Белый задается вопросом о самом себе: «<…> что получится из загнанного семейной ситуацией ребенка, боящегося естественных проявлений?»[251] Всю жизнь он пытается дать ответ на этот вопрос. Он воспроизводит в своих самоописаниях-самосочинениях свои Я как плоды настойчивых педагогических усилий отца и матери. Несмотря на активную роль матери, несмотря даже на близость сына к ней в детстве и общую с ней (но не с отцом) любовь к музыке, видимо, именно отношения с отцом оказались самыми важными и наложили неизгладимый отпечаток на воображение, жизнь и творчество писателя. Впрочем, в разных произведениях это проявилось в разной мере: в романах о Котике и в воссоздании детства в мемуарах матери уделяется не меньшее внимание. Представляется, что для взрослого Белого отец (или призрак отца) остался важнейшим референтом, а мать осталась таковым в гораздо меньшей мере.

Белый в одних случаях признавал, в других опровергал сходство литературных персонажей со своим отцом. В первом томе воспоминаний он пишет: «Не останавливаюсь на наружности отца; я ее описал в “Крещеном китайце” <…>»[252]. Там же Белый говорит о непосредственной автобиографичности «Котика Летаева»: «<…>неАндрей Белый написал, а Борис Николаевич Бугаев натуралистически зарисовал то, что твердо помнил всю жизнь <…>»[253]. В других же случаях Белый, напротив, решительно отрицает автобиографическую основу тех же самых романов о детстве. В предуведомлении к «Крещеному китайцу» он отвергает параллели между своим детством и детством Котика, между своим отцом и отцом Котика:

В изображении ребенка, конечно, я пользовался и своими детскими воспоминаниями; и отчасти пользовался в изображении родителей Котика некоторыми (весьма немногими) штрихами, взятыми у своих родителей; но вся фабула, постановка характеров, конфигурация человеческих отношений есть плод чистейшей фантазии автора; и тот, кто хотел бы проводить параллель между детством автора и детством «Котика», впал бы в глубочайшее заблуждение <…> Характер профессора Летаева сложен автором из целой группы людей <…>[254].

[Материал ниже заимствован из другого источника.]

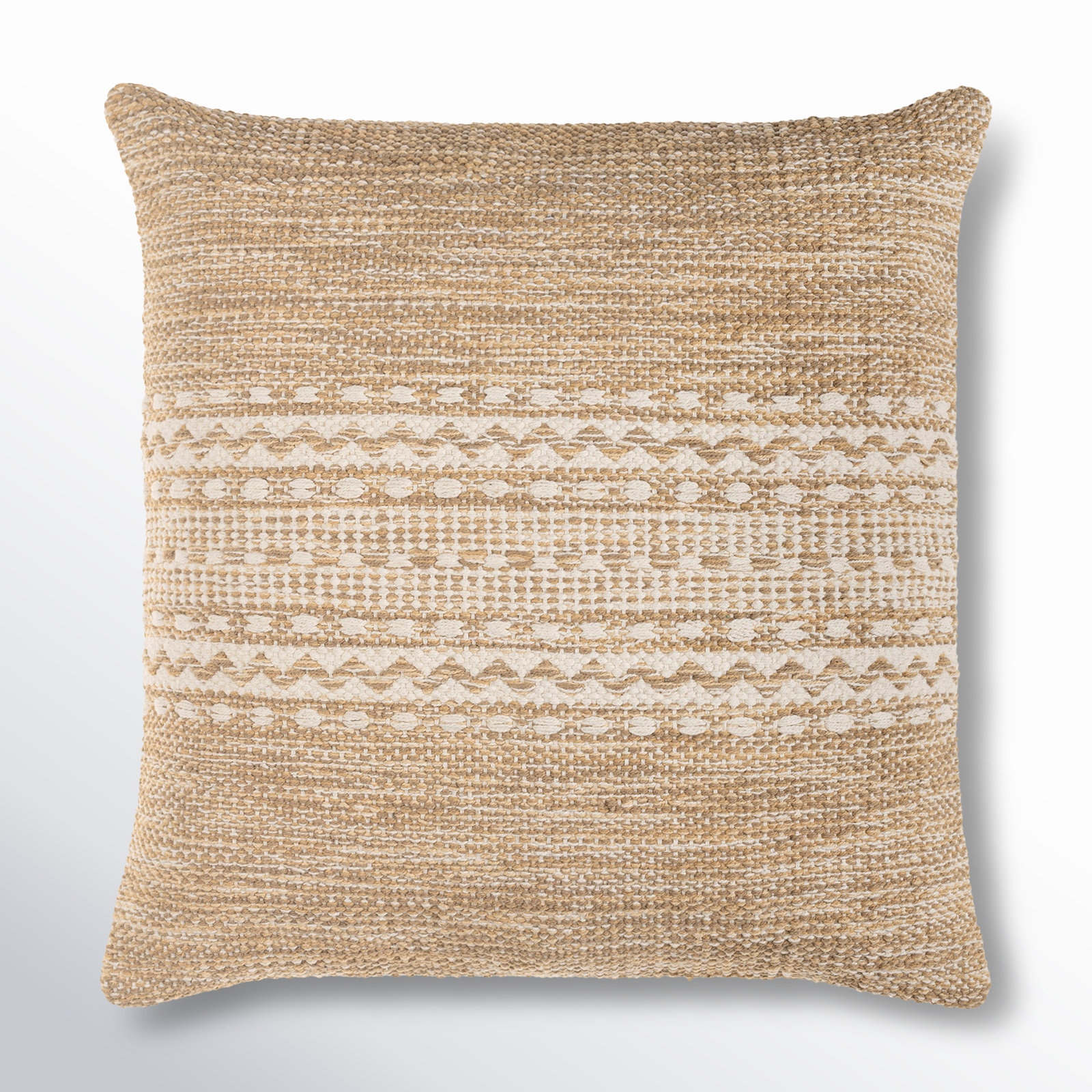 Julian Geometric Cotton Throw Pillow, Tan, Down, 18" x 18"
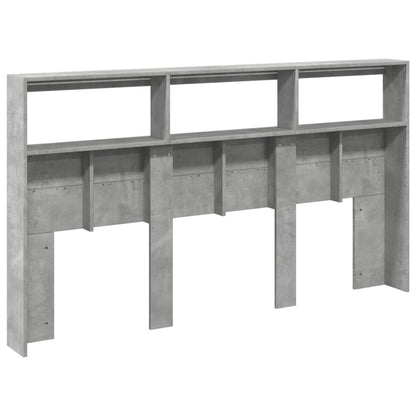 LED Headboard Cabinet, Concrete Grey - 180x17x102 cm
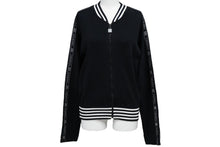 Load image into Gallery viewer, CHANEL シャネル ブルゾン ロゴテープニットジャケット 04P スポーツライン コットン サイズ38 P22870V01521 美品 中古 57213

Как бы то ни было, сходство описанного в мемуарах быта Бугаевых с картинами жизни Летаевых не вызывает сомнений, включая разительное сходство романного отца с мемуарным. В романах Московского цикла образ профессора Коробкина тоже заимствует приметы профессора Бугаева, но не во всем.

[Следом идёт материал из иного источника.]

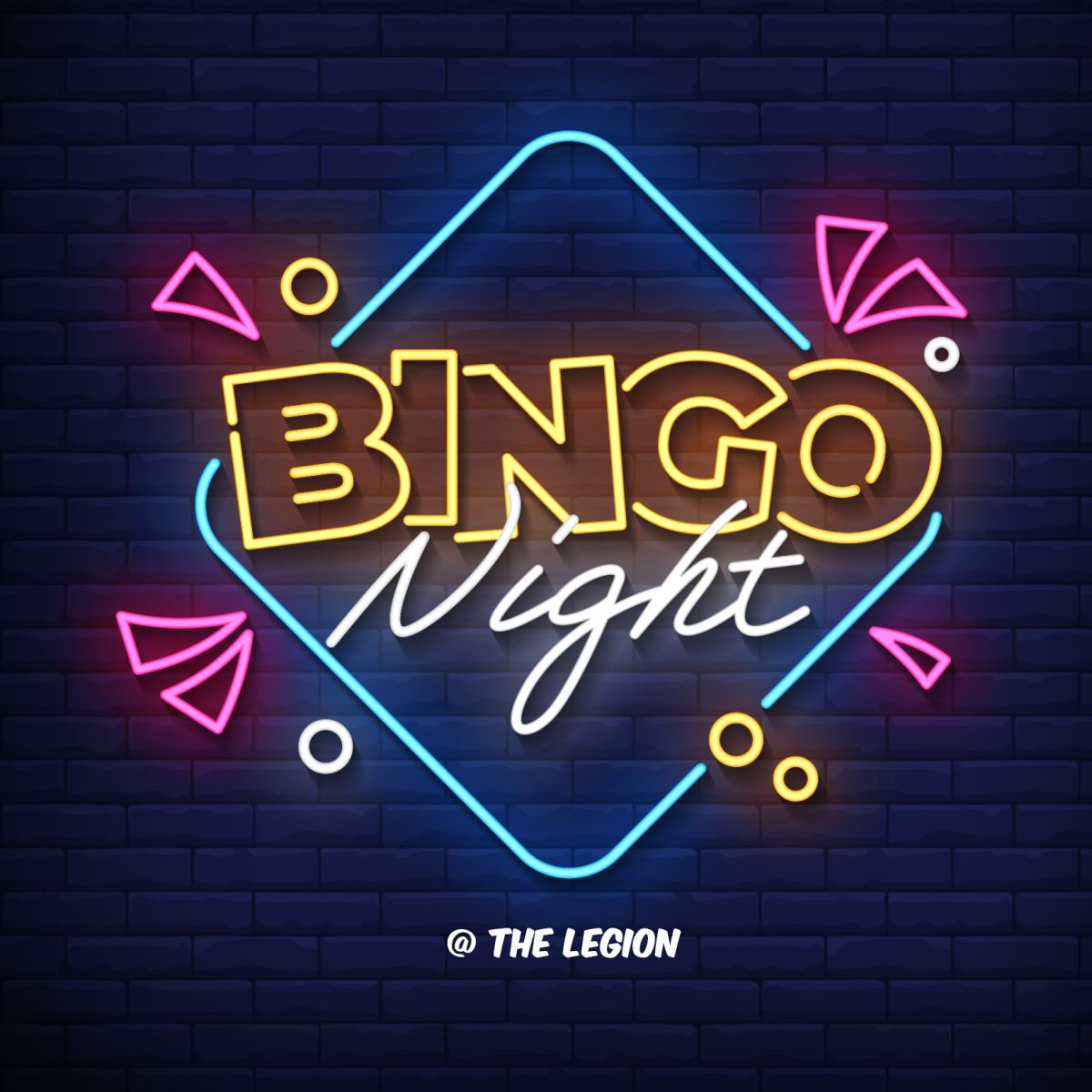 neon light graphic sign saying Bingo Night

Прототип декана Летаева, профессора Коробкина и по крайней мере частичный прототип всех отеческих фигур произведений Белого – один из крупнейших математиков своего времени профессор Московского университета Николай Васильевич Бугаев. Он разрабатывал теорию «аритмологии», дискретных, или прерывных, функций, необходимых, по его мнению, для «аналитического объяснения мировых явлений»[255]. Нина Каухчишвили характеризует его работу следующим образом: «Прерывность функции, “разрозненность” отдельных единиц в составе целого, скачкообразное изменение целого – эти особенности подхода к объекту отличают созданную Бугаевым теорию – аритмологию – от классического анализа»[256]. Величины могут изменяться непрерывно или прерывно. Профессор Бугаев доказывал, что господствовавшая в его время трактовка изменяемости как непрерывного процесса справедлива только по отношению к простейшим явлениям природы. Он развивал понимание кажущейся непрерывности как «прерывности, в которой изменения идут через бесконечно малые и равные промежутки»[257].

Профессор стремился к созданию математически точного описания мира. Логично предположить, что такое описание, с учетом принципиальной неизмеримости многих процессов, не может быть полным[258]. Теория дискретности Бугаева – продолжение взглядов Лейбница на мироздание как структуру иерархически организованных монад (замкнутых в себе неделимых единиц). Знаки, в том числе математические символы, являются в этой системе семиотическими выразителями природы вещей. Вяч. Вс. Иванов так излагает эту идею:

<…> Лейбниц писал, что «знаки» <…> «коротко выражают и как бы отображают глубочайшую природу вещи и при этом удивительным образом сокращается работа мышления» <…>. В своей собственной системе он «намеревался свести понятия к символам, символы к числам, и, наконец, посредством цифр и символов подвергнуть понятия символическому вычислению»[259].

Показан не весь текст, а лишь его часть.